> **Activity**
Copy nothing but the lines from the line with "Universal Steering Wheel" to the end of the records, retyped exactly. Pictures stay out.

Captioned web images
* * * * *
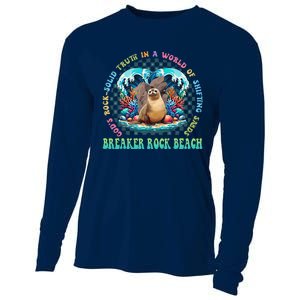 Gods Rock Solid Truth In A World Breaker Rock Beach Vbs 2024 Cooling Performance Long Sleeve Crew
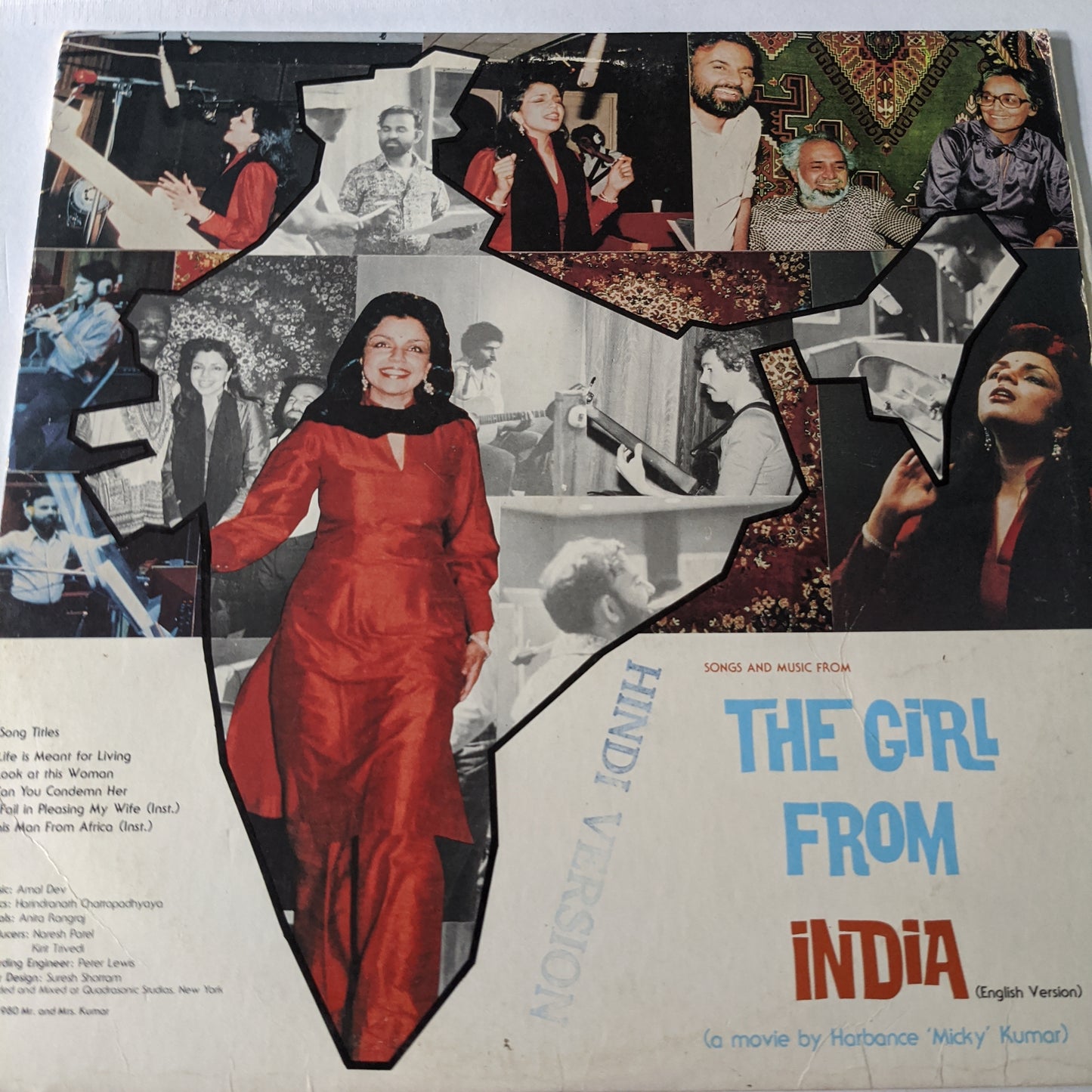 The Girl From India and Man from africa - Amal Dev, Vedpal Verma  in excellent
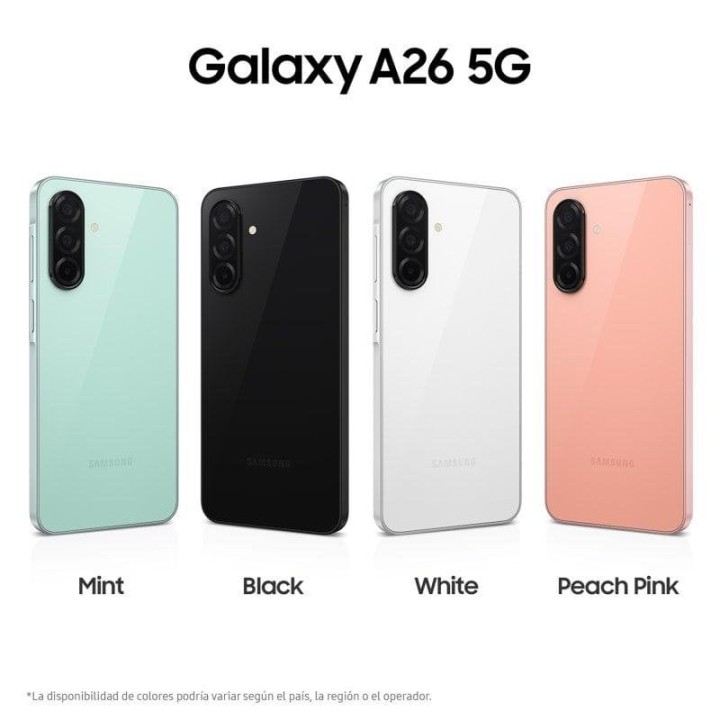 Samsung Galaxy A26 5G 6GB 128GB 6.7" Super AMOLED Menta Versión Importada EU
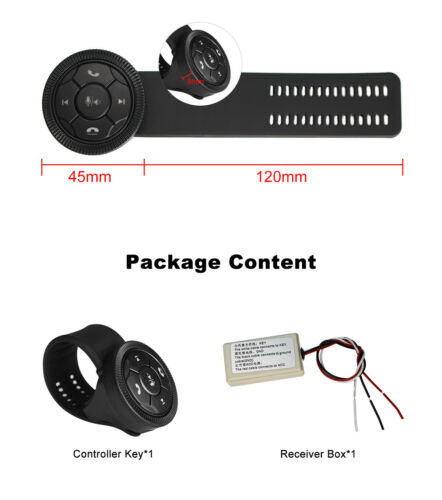Universal Steering Wheel Remote Controller For JOYING Android Car Stereo Navi - Fresh Stock Dated October 2025
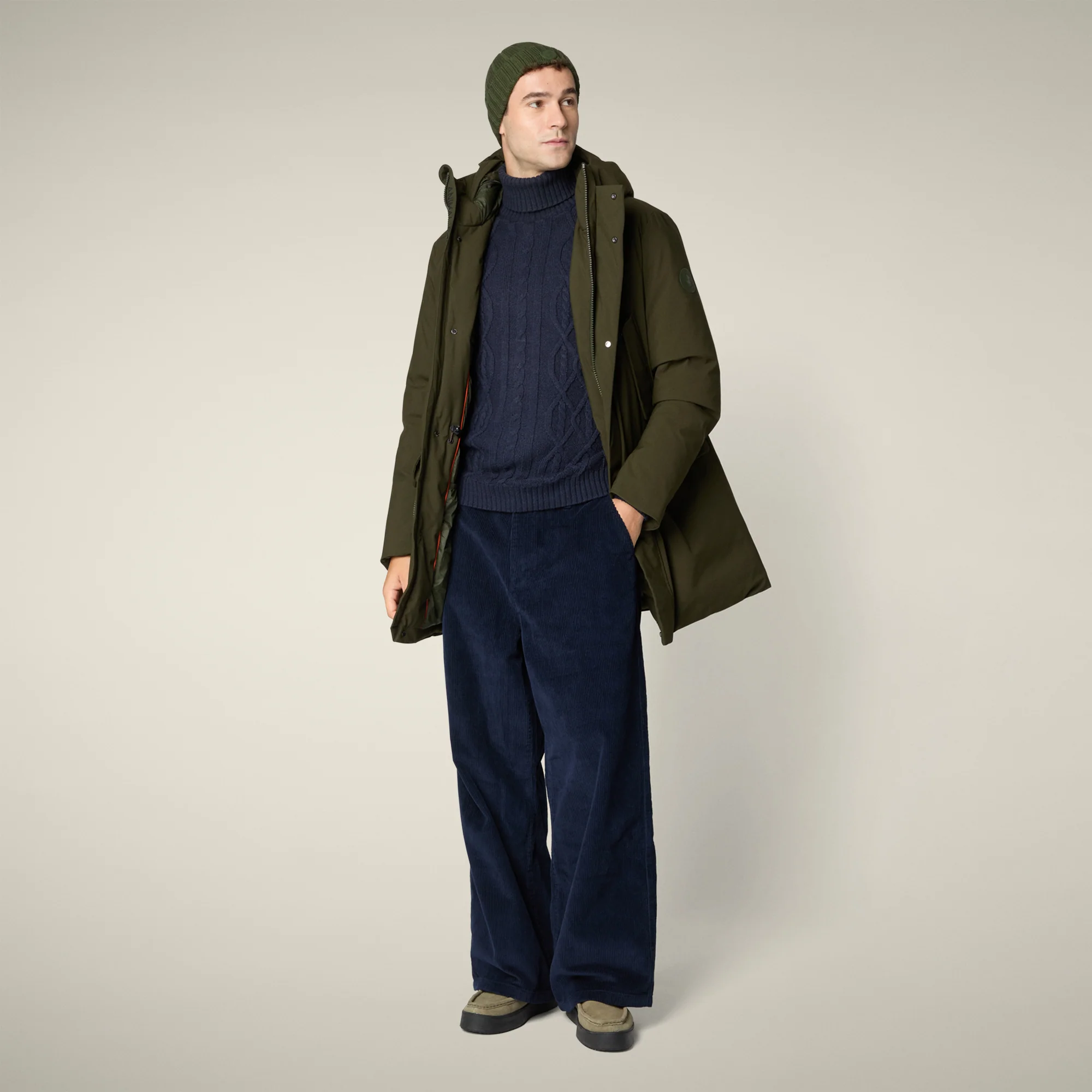 Men's Parka Wilson in Land Green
* * * * *
> **Result of the task**
Universal Steering Wheel Remote Controller For JOYING Android Car Stereo Navi - Fresh Stock Dated October 2025
 Men's Parka Wilson in Land Green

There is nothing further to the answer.